Posted by: Avedon at September 16, 2007 06:42 AMAt this point, it's pretty clear the desire to attack Ralph Nader is pretty misguided. It's a bit like the endless attacks on 'purity trolls' that the mainstream blogs engaged in about 6 months ago. It really just forces people who aren't really your enemies to hate you. It makes it impossible for people to bring themselves to vote for Hillary Clinton, because why should they if her her policies are too right wing and the people who support her aren't even making a good argument as to why you should.
Could Ralph Nader have not run, and allowed gore to win? Yes. But the Democratic party could also have endorsed the sort of policies that would have made Ralph Nader irrelevant. Ralph Nader didn't give us bush, 12 years of Democratic triangulation that pushed everyone to the left of Kevin Drum into the arms of a third party did. While I bought the lame ass democratic arguments in 2000 and 2004, the MCA, FISA and Hillary pledging to every insider that will speak to her that troops will still be in baghdad come 2017, means I'm not going to buy it again. No amount of Nader bashing is going to change that.
You all have a proble, and "More and Better Democrats" isn't a solution anyone outside of the blogging elite find to be credible anymore.
Posted by: Soullite at September 16, 2007 10:03 AMIf the 2000 election infuriates you (and it infuriates me), blame the Electoral College that throws out the popular vote--and blame the Democrats for their reluctance to do anything about ending the Electoral College. So long as the Dems are content with the Electoral College, they're hypocrites when they complain about Nader.
Quibble aside, good on you for getting out and letting your position on the war be seen!
Posted by: will shetterly at September 16, 2007 11:06 AMWhat Soullite said.
Thanks for being there, Natasha.
Posted by: eRobin at September 16, 2007 05:55 PMThanks for all the responses.
About Nader: The thing I can't forgive him for is saying that both parties, both candidates, were alike. Time has proven him dead wrong.
There was plenty of blame to go around for 2000, though. The Republicans could, for example, have demonstrated some basic level of respect for democracy. The Democrats could have been smarter about handling things. Lieberman could have ... been somebody other than who he always is. But at least they all acted like it was important.
Nader said the election didn't matter. He doesn't get a pass on that.
We have a two party system. End of story. If people want to do what the Marxists suggest, letting things get so terribly bad that the public has no choice but to revolt, hey, vote Republican. But I don't like their strategy any better than I like the idea of trying to implement either communism or fascism.
Waiting for things to get so bad that 'the people' suddenly wake up one morning and agree with you is like waiting for the underpants gnome to generate a profit. It's like answering complex evolutionary questions of descent and development with 'God must have done it.' It's bull.

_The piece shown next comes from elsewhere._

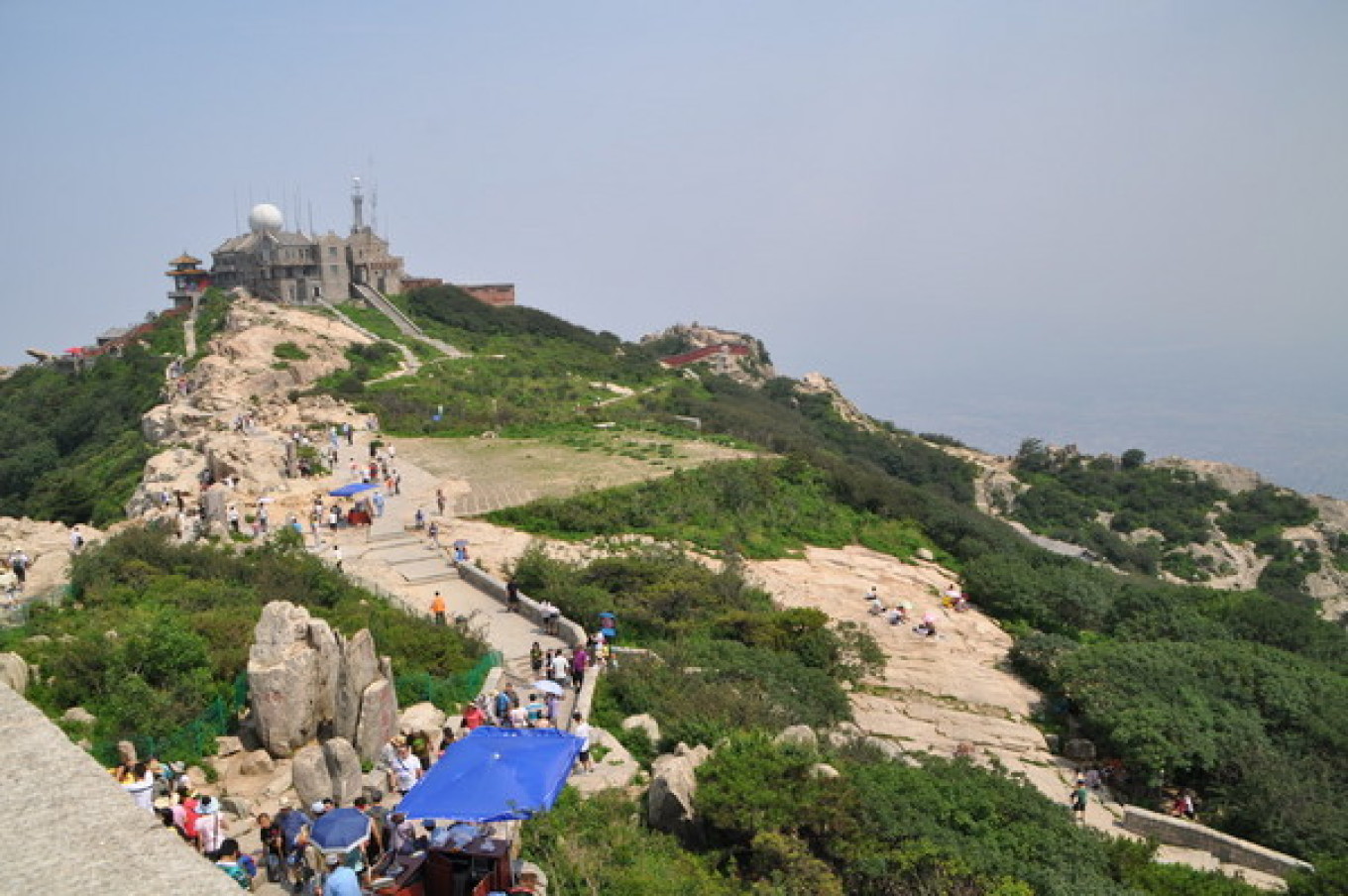 泰山山顶酒店，一览众山小的独特体验之旅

In a two party system, you either try to reform the party that's closest to your beliefs from within or you throw the game to the other side. Those are your choices. I didn't make the rules, I didn't set up the game. It's the truth and it isn't my fault.
Though he did make a good suggestion in saying that people should visit their congressional offices, the ones in their states/districts, in person.